* **Exercise description**
Your answer must consist of the records below, reproduced exactly, with every picture removed.

[Saved entries]
================================

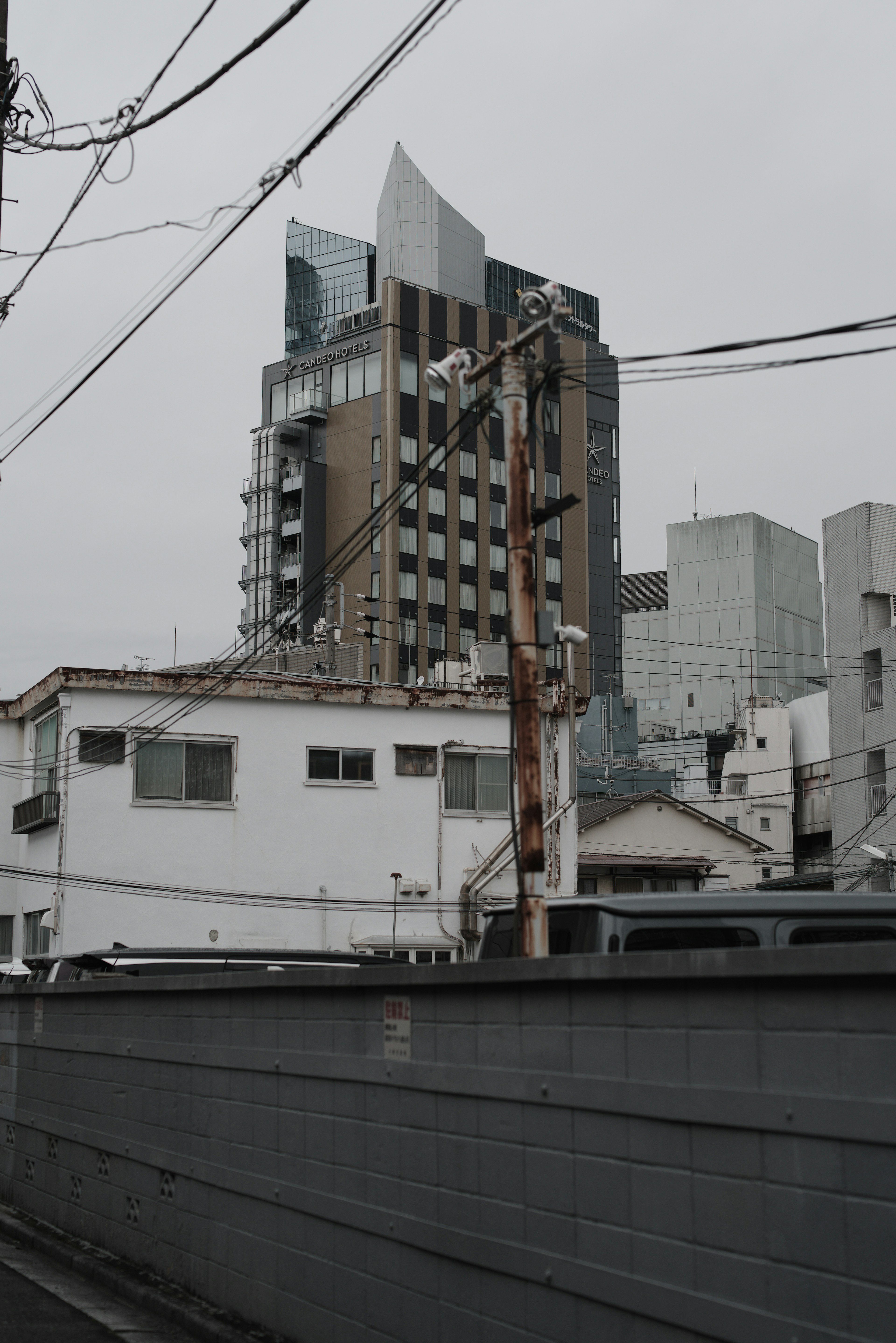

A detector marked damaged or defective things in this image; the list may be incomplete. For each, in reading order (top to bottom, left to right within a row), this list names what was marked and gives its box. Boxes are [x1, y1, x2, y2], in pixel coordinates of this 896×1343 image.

rusty utility pole [426, 280, 567, 956]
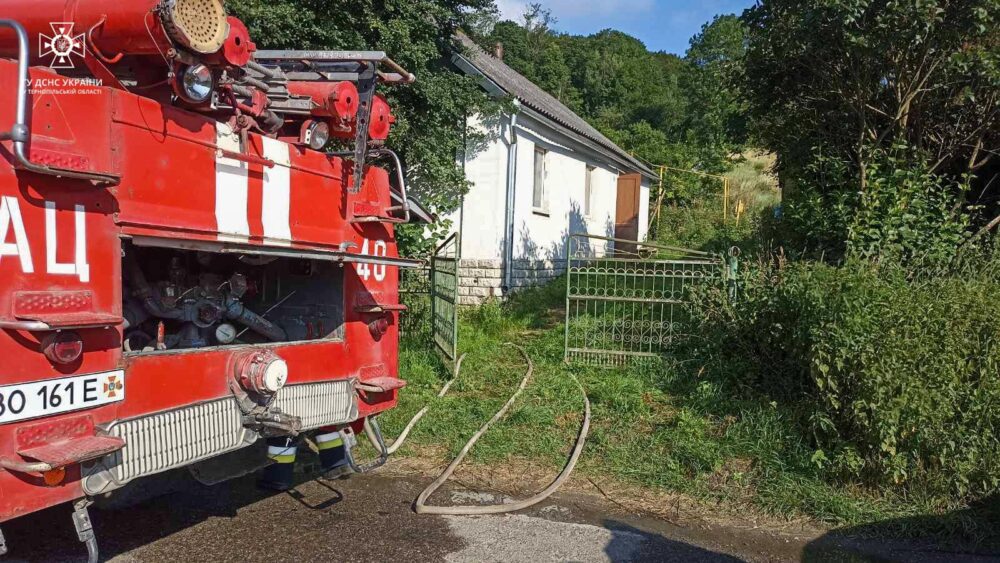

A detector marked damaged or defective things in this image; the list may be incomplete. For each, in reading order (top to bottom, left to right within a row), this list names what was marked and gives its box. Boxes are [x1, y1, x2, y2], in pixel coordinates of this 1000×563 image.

damaged roof [452, 33, 656, 178]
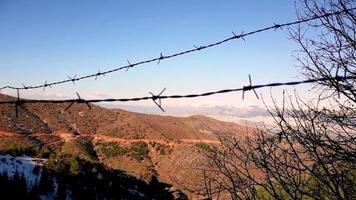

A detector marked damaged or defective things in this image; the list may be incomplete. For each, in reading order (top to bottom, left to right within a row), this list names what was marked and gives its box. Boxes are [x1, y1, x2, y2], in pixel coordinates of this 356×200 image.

rusty wire barb [0, 7, 354, 92]
rusty wire barb [1, 76, 354, 118]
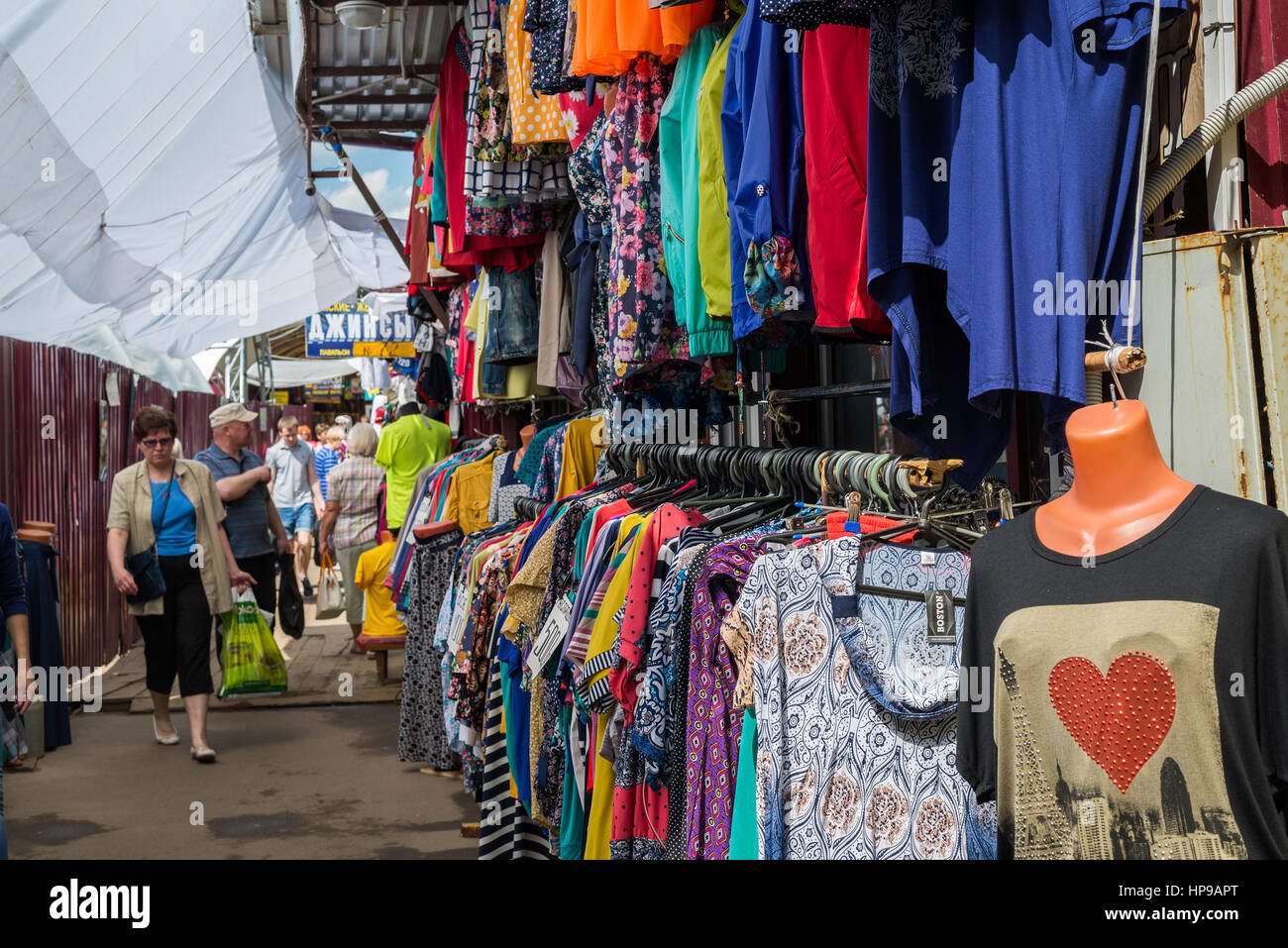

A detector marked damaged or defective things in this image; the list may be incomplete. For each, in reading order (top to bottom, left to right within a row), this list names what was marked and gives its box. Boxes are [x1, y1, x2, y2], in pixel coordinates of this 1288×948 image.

rusty metal wall [0, 340, 218, 664]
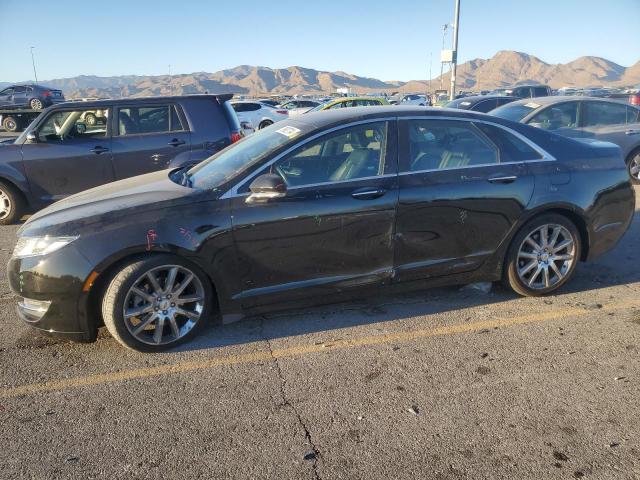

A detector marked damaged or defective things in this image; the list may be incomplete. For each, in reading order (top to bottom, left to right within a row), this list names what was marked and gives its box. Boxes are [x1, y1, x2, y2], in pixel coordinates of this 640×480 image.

cracked pavement [0, 186, 636, 478]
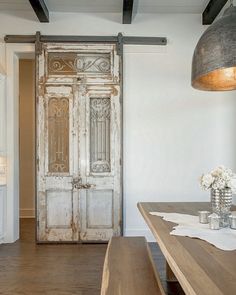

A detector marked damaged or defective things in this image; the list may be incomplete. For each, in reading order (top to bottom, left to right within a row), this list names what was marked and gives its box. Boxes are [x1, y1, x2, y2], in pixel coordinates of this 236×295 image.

chipped paint surface [37, 43, 121, 243]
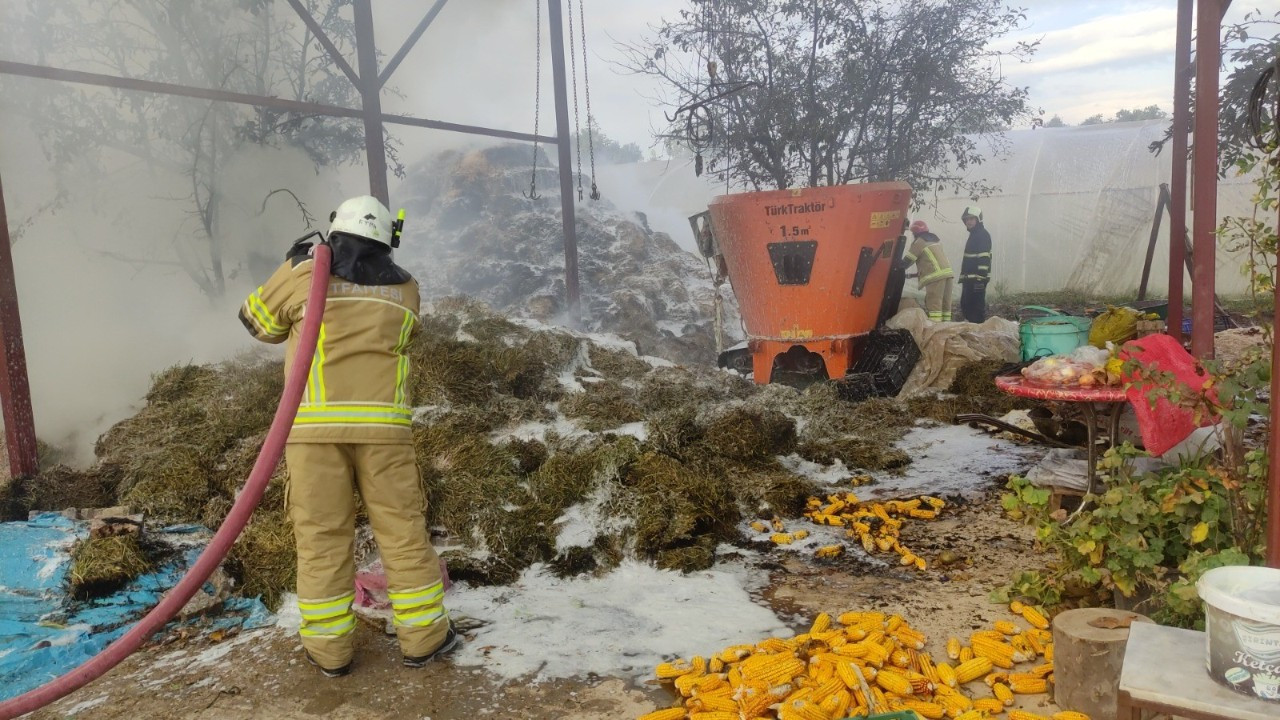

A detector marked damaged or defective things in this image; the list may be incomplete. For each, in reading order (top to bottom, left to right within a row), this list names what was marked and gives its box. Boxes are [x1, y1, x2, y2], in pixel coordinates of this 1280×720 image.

rusty steel frame [0, 0, 586, 479]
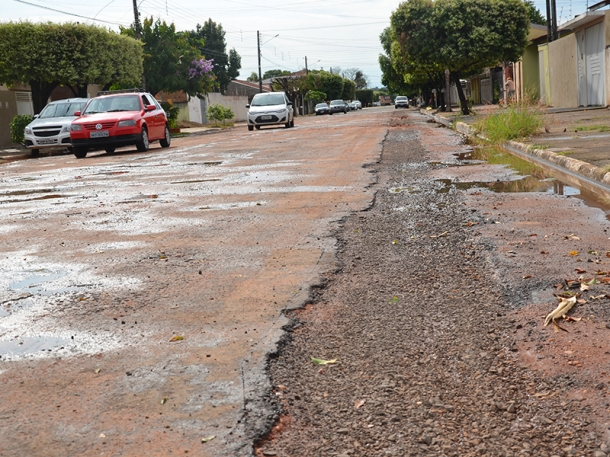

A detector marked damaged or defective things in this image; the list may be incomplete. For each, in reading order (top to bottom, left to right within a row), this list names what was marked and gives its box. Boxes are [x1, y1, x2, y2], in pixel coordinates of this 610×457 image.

damaged asphalt road [1, 108, 608, 456]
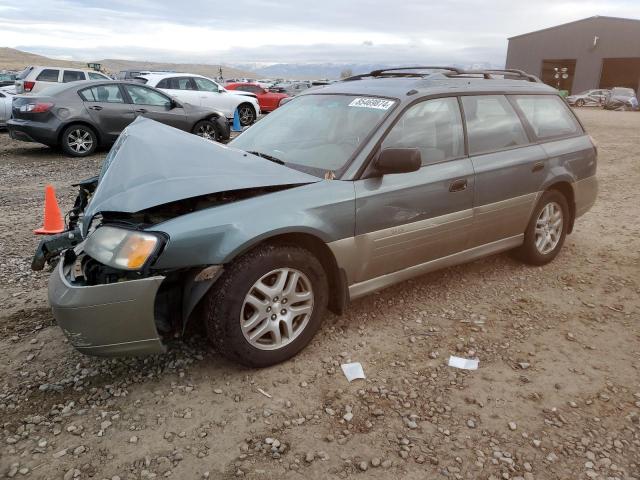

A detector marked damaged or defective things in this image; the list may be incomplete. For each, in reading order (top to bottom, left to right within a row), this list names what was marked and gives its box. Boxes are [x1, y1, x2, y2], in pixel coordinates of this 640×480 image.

broken headlight [84, 226, 164, 270]
crumpled hood [80, 118, 320, 234]
damaged subaru legacy [37, 67, 596, 368]
bent bumper [49, 258, 166, 356]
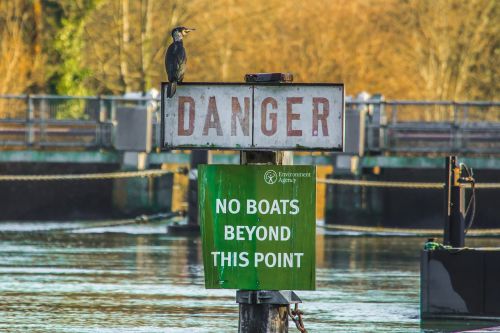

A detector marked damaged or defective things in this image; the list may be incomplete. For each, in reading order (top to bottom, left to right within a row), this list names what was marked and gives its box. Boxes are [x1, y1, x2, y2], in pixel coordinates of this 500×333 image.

rust stain on sign [162, 82, 346, 150]
rusty metal pole [237, 71, 298, 330]
rusty metal pole [444, 156, 466, 246]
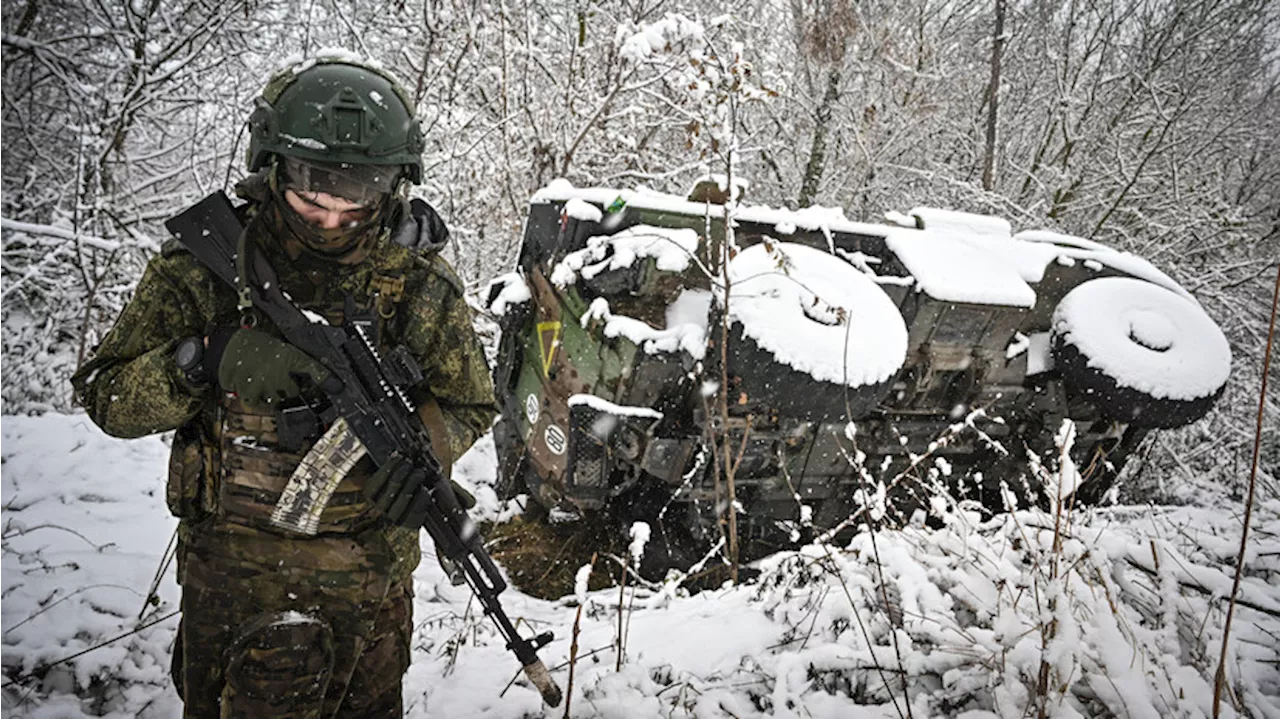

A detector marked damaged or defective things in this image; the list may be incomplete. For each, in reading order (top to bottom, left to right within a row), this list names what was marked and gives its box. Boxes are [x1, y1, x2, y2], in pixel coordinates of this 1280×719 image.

damaged armored vehicle [484, 179, 1232, 564]
overturned military vehicle [484, 180, 1232, 564]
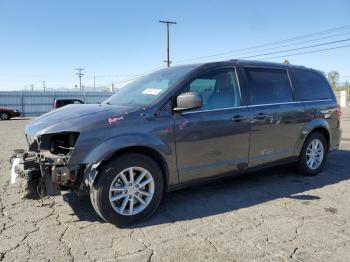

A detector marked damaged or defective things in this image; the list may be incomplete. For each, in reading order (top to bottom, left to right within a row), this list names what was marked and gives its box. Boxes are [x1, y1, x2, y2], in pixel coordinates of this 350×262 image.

dented hood [24, 103, 136, 136]
cracked asphalt [0, 107, 350, 260]
damaged minivan [10, 59, 342, 225]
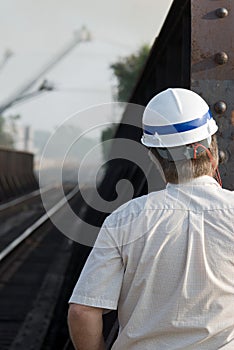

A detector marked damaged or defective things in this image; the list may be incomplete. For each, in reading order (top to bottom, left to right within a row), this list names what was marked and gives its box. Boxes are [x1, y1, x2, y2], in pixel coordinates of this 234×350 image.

rusted metal surface [191, 0, 233, 189]
rusty steel girder [191, 0, 233, 189]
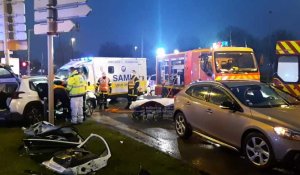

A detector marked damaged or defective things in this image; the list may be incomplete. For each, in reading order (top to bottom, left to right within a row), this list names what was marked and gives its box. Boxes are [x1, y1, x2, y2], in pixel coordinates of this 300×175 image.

crumpled vehicle [22, 121, 83, 155]
crumpled vehicle [42, 133, 111, 174]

================================

* **Response area**
A detector marked damaged or defective things in this image; the list may be incomplete. For each, in reading order (top to bottom, left to right within a row), this list names what was marked and gives its box. Boxes are [x1, y1, x2, y2], in pixel coordinates of this 896×1343 image.

rusty utility pole [426, 280, 567, 956]

A detector marked damaged or defective things in this image; the list may be incomplete. For each, in reading order (top to bottom, left to right within a row), this list names what was marked and gives its box. Boxes are [x1, y1, x2, y2], in pixel coordinates of this 1000×563 image.

damaged roof [452, 33, 656, 178]

A detector marked damaged or defective things in this image; the list may be incomplete. For each, in reading order (top to bottom, left to right within a row), this list names what was marked and gives its box. Boxes are [x1, y1, x2, y2], in pixel coordinates of this 356×200 image.

rusty wire barb [0, 7, 354, 92]
rusty wire barb [1, 76, 354, 118]

A detector marked damaged or defective things in this image; the list may be incomplete. For each, in reading order (top to bottom, left to right within a row), this list names what was marked and gives its box. Boxes are [x1, y1, x2, y2], in pixel coordinates of this 1288×948 image.

rusty metal wall [0, 340, 218, 664]

A detector marked damaged or defective things in this image; the list may be incomplete. For each, in reading order (top to bottom, left to right within a row), this list names what was marked and gives its box. Boxes are [x1, y1, x2, y2], in pixel coordinates of this 640×480 image.

cracked pavement [0, 186, 636, 478]

A detector marked damaged or defective things in this image; the list may be incomplete. For each, in reading order (top to bottom, left to right within a row), this list names what was marked and gives its box. Boxes are [x1, y1, x2, y2], in pixel coordinates of this 236×295 image.

chipped paint surface [37, 43, 121, 243]

A detector marked damaged or defective things in this image; the list may be incomplete. For each, in reading order (top to bottom, left to right within a row), this list names what was marked and gives its box. Boxes are [x1, y1, x2, y2], in pixel coordinates of this 1280×720 image.

rusty steel frame [0, 0, 586, 479]

A detector marked damaged or defective things in this image; the list may be incomplete. For each, in reading order (top to bottom, left to right within a row), this list names what was marked and gives its box. Boxes are [x1, y1, x2, y2], in pixel coordinates of this 610×457 image.

damaged asphalt road [1, 108, 608, 456]

A detector marked damaged or defective things in this image; the list may be incomplete. For each, in reading order (top to bottom, left to right within a row), this list names what was marked and gives its box. Boxes are [x1, y1, x2, y2], in pixel coordinates of this 640×480 image.

broken headlight [84, 226, 164, 270]
crumpled hood [80, 118, 320, 234]
damaged subaru legacy [37, 67, 596, 368]
bent bumper [49, 258, 166, 356]

A detector marked damaged or defective things in this image; the list may be incomplete. For each, in reading order (top to bottom, left to right within a row), this list names what was marked and gives its box. Boxes are [x1, y1, x2, y2], in pixel coordinates of this 500×333 image.

rust stain on sign [162, 82, 346, 150]
rusty metal pole [237, 71, 298, 330]
rusty metal pole [444, 156, 466, 246]

A detector marked damaged or defective things in this image; the list may be incomplete. For each, in reading order (top to bottom, left to right within a row), this list names what was marked and gives its box. Boxes are [x1, y1, x2, y2], in pixel coordinates of this 1280×719 image.

damaged armored vehicle [484, 179, 1232, 564]
overturned military vehicle [484, 180, 1232, 564]

A detector marked damaged or defective things in this image; the list may be incomplete. For each, in reading order (top to bottom, left to right within a row), this list names what was marked and gives its box. Boxes are [x1, y1, x2, y2], in pixel coordinates of this 350×262 image.

dented hood [24, 103, 136, 136]
cracked asphalt [0, 107, 350, 260]
damaged minivan [10, 59, 342, 225]

A detector marked damaged or defective things in this image; the list may be incomplete. For each, in reading order (top to bottom, left to right within a row), this list names what was marked and gives its box. Boxes are [x1, y1, x2, y2], in pixel coordinates of this 234×350 image.

rusted metal surface [191, 0, 233, 189]
rusty steel girder [191, 0, 233, 189]

A detector marked damaged or defective things in this image; the list may be incomplete. For each, in reading order (top to bottom, left to right within a row), this list names what was marked and gives its box. Boxes are [x1, y1, x2, y2], in pixel coordinates of this 300×175 image.

crumpled vehicle [22, 121, 83, 155]
crumpled vehicle [42, 133, 111, 174]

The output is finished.